Task to carry out: What is needed here is an exact printout of the data, with no pictures included.

___ Provided records

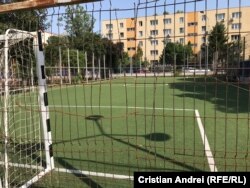 Terenurile de sport din școli fac parte din domeniul public local. Consiliul Local poate decide înlăturarea lacătelor.
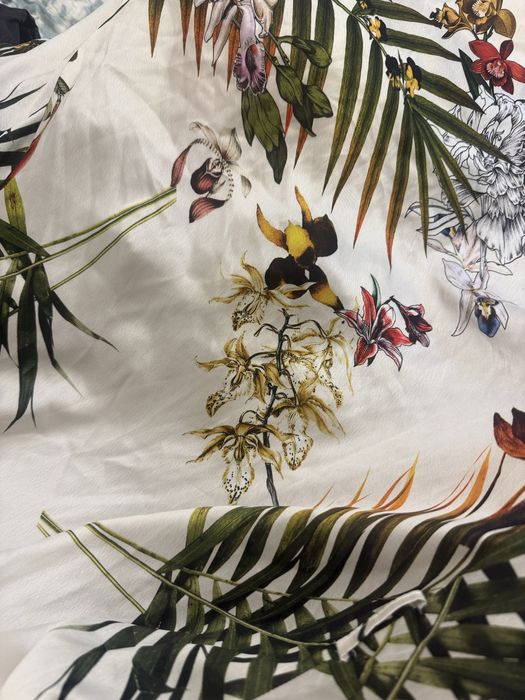 Продам платье шелковое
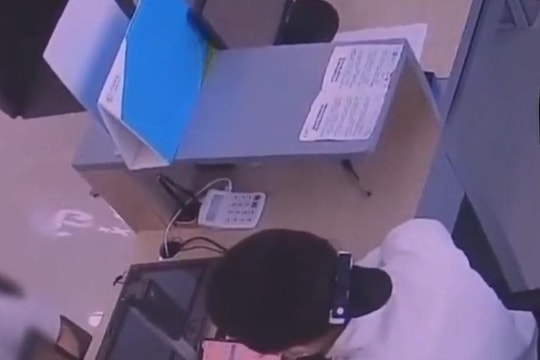 Nữ nhân viên chuyển nhầm 2,6 tỷ đồng từ tài khoản công ty, người nhận đồng ý trả lại nhưng vẫn bị triệu tập lên đồn công an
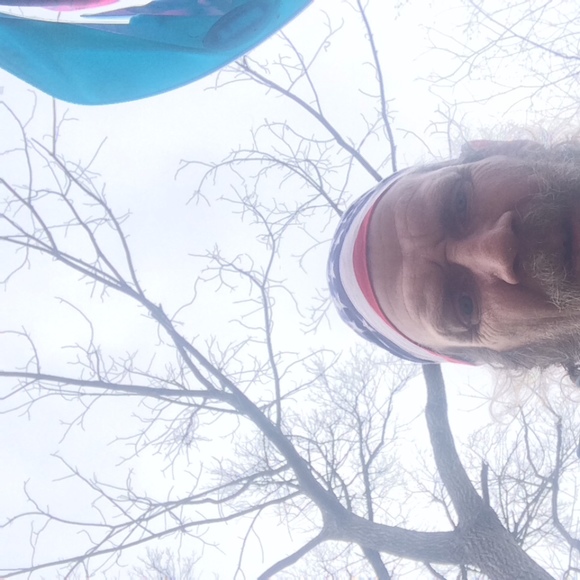 Profile Picture of Robert Bowen (@bobbowen1) on Poshmark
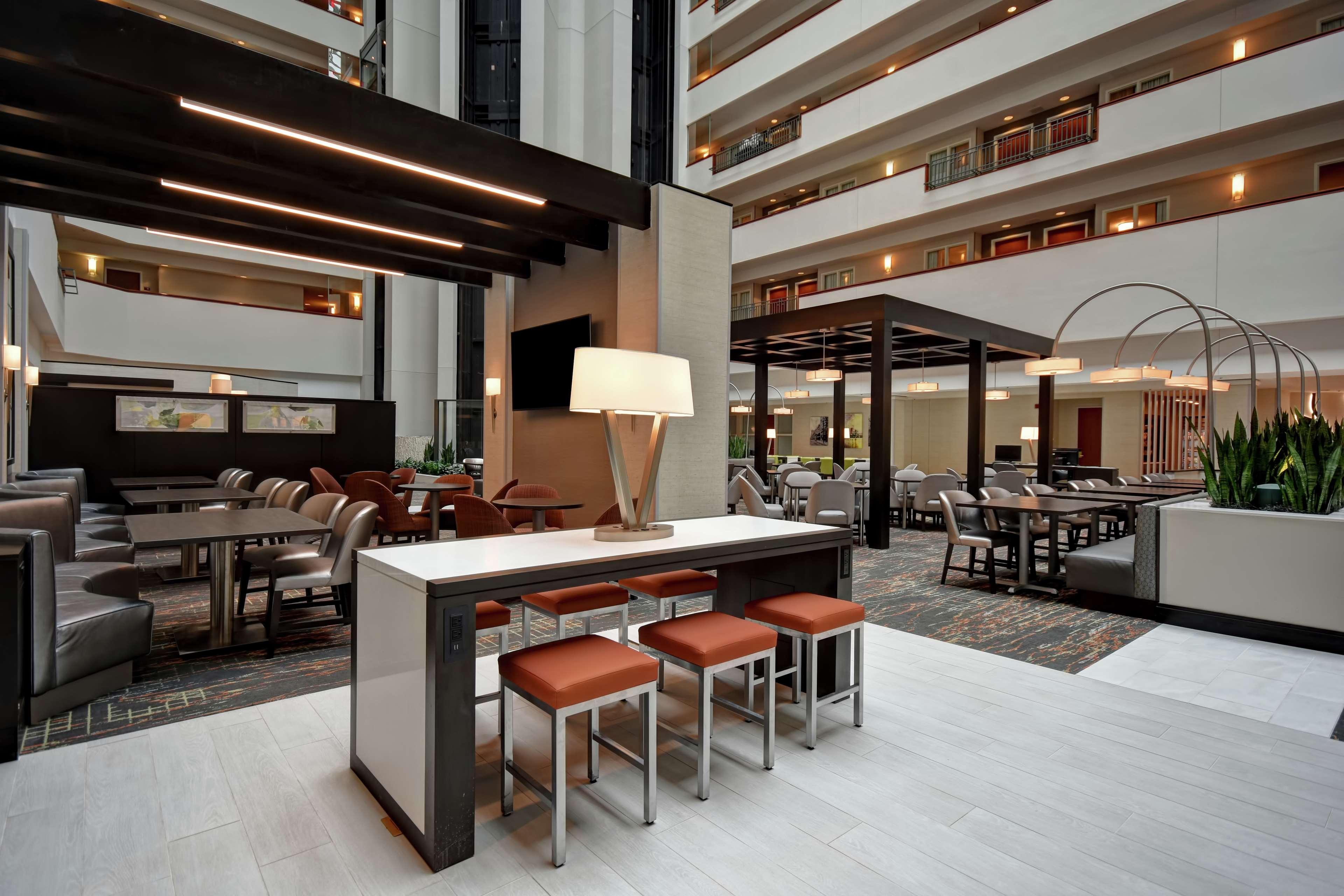Embassy Suites Литл-Рок Экстерьер фото
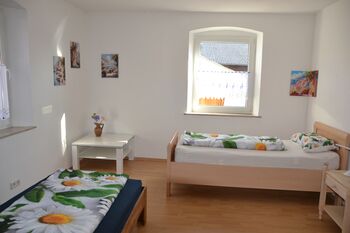 H2 Zweibett-Zimmer 3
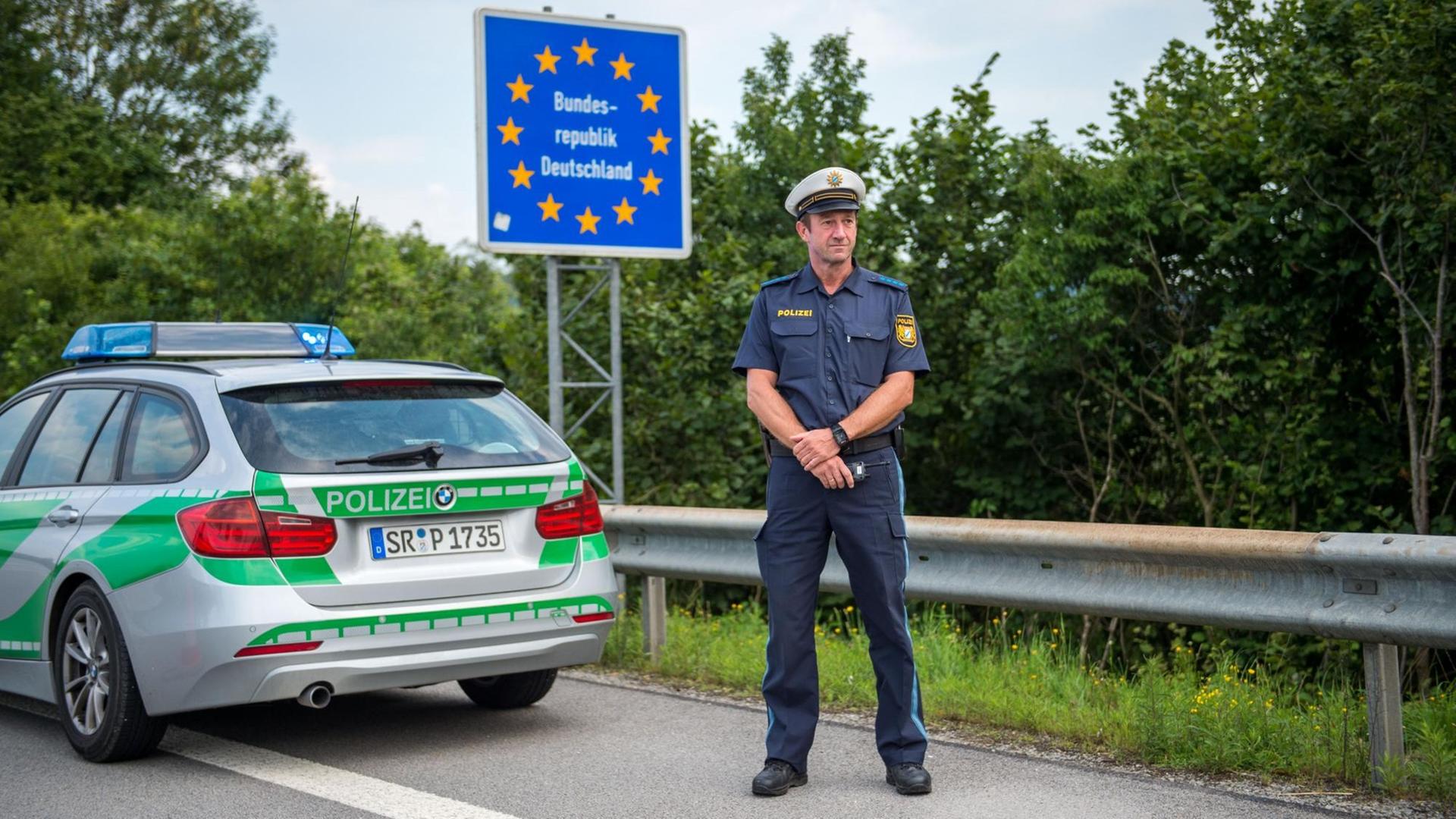 Ein Beamter der bayerischen Grenzpolizei steht am Grenzübergang Kirchdorf an der deutschen Staatsgrenze.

______

Reply:
 Terenurile de sport din școli fac parte din domeniul public local. Consiliul Local poate decide înlăturarea lacătelor.
 Продам платье шелковое
 Nữ nhân viên chuyển nhầm 2,6 tỷ đồng từ tài khoản công ty, người nhận đồng ý trả lại nhưng vẫn bị triệu tập lên đồn công an
 Profile Picture of Robert Bowen (@bobbowen1) on Poshmark
Embassy Suites Литл-Рок Экстерьер фото
 H2 Zweibett-Zimmer 3
 Ein Beamter der bayerischen Grenzpolizei steht am Grenzübergang Kirchdorf an der deutschen Staatsgrenze.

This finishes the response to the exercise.